Dakota Access LLC and Energy Transfer Crude Oil Co. LLC (ETCO) are holding a binding supplemental open season for their respective pipeline systems, seeking commitments from shippers for transportation service to bring production in the Bakken Shale and Three Forks formation to market.

The pipeline companies said the supplemental open season began at 12:00 p.m. CDT on Aug. 12. Dakota Access and ETCO said they each anticipate any incremental transport capacity for production in the Bakken “will be determined based on committed subscriptions made by shippers during the supplemental open season.”

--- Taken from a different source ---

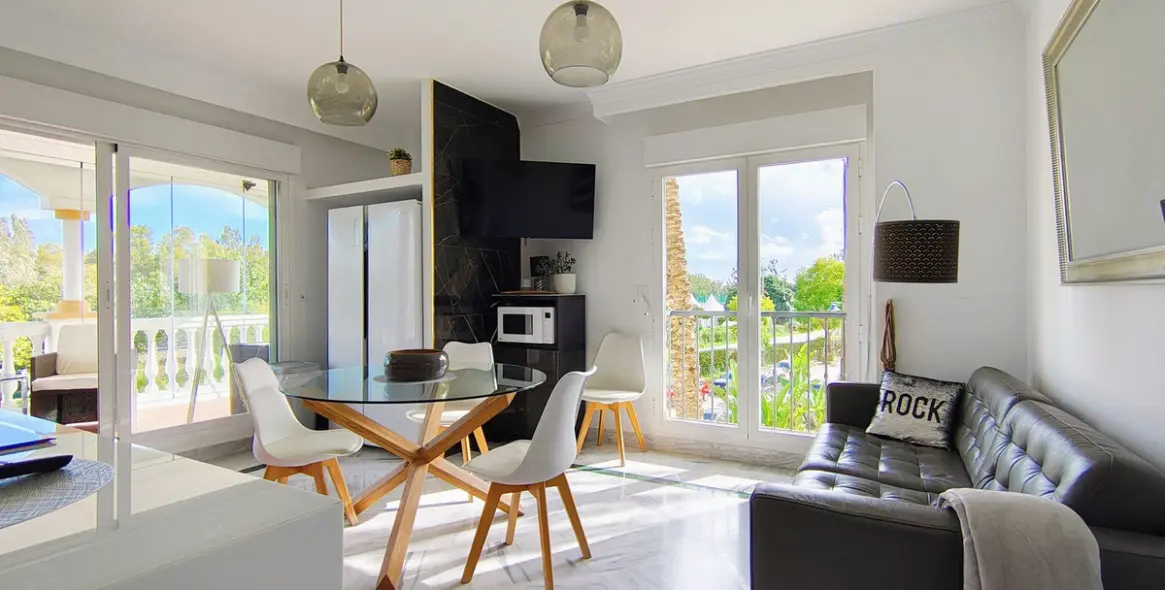 Sale of middle floor apartment in Nueva Andalucía 11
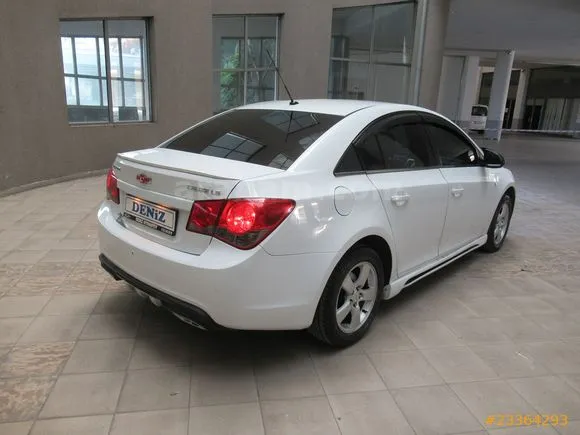 Chevrolet Cruze 1.6 LS Image 5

Shippers interested in receiving copies of the open season documents must sign a confidentiality agreement. For information, email dlda_etco@energytransfer.com.

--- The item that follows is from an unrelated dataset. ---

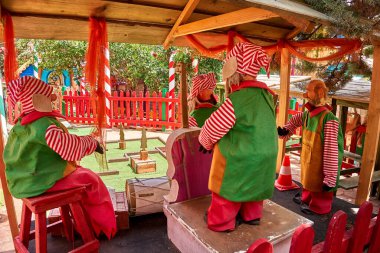 Temel Reis Köyü 'nden güzel bir manzara. Sweethaven Köyü olarak da bilinir. Malta 'da kırsal ve çalkantılı ahşap binalardan oluşan küçük bir eğlence parkına dönüştürülmüş amaçları doğrultusunda inşa edilmiş bir film seti.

The supplemental open season includes local tariff service on the Dakota Access pipeline from the Bakken to Patoka, IL. It also provides interested parties with the opportunity for joint tariff service from the Bakken to Nederland, TX, through a commitment to both the Dakota Access and ETCO pipeline systems, which the companies have collectively dubbed the “Bakken Pipeline.”

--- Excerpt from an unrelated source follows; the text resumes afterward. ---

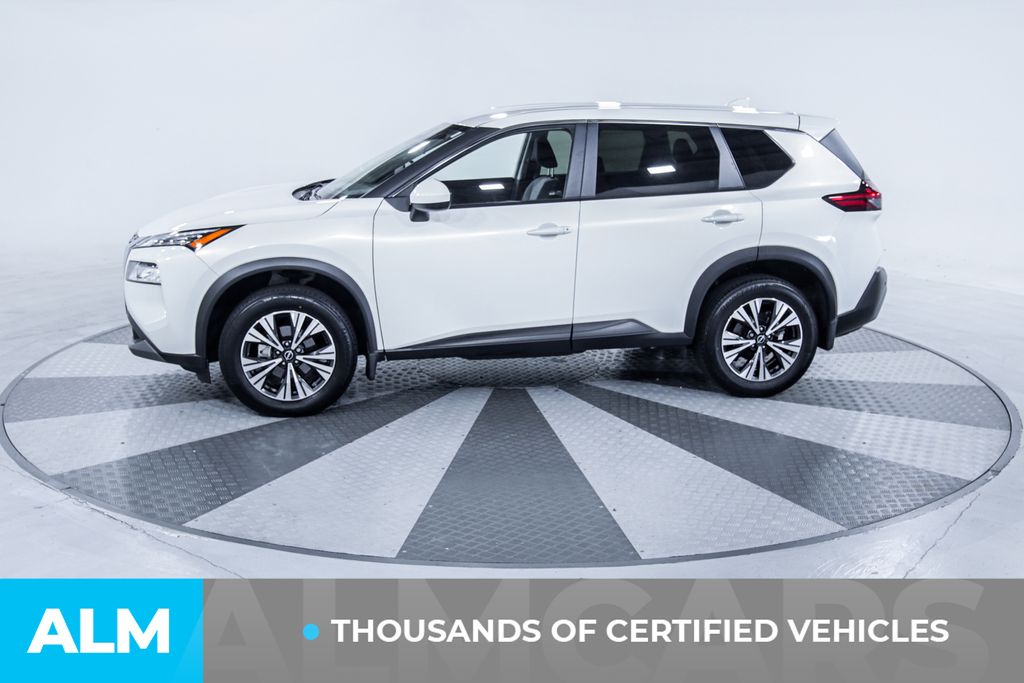Used 2023 White Nissan SV image 4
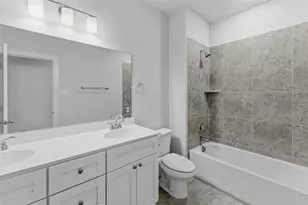 305 Evans Dr, Van Alstyne, TX 75495 - Photo 5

Through wholly-owned subsidiaries, Bakken Holdings Co. LLC owns a 75% interest in both Dakota Access and ETCO, the companies responsible for developing, owning and operating the Bakken Pipeline. The remaining 25% stake in both companies is owned by wholly-owned subsidiaries of Phillips 66. Meanwhile, Bakken Holdings is 60% owned by a wholly-owned subsidiary of Energy Transfer Partners LP and 40% by a wholly-owned subsidiary of Sunoco Logistics Partners LP.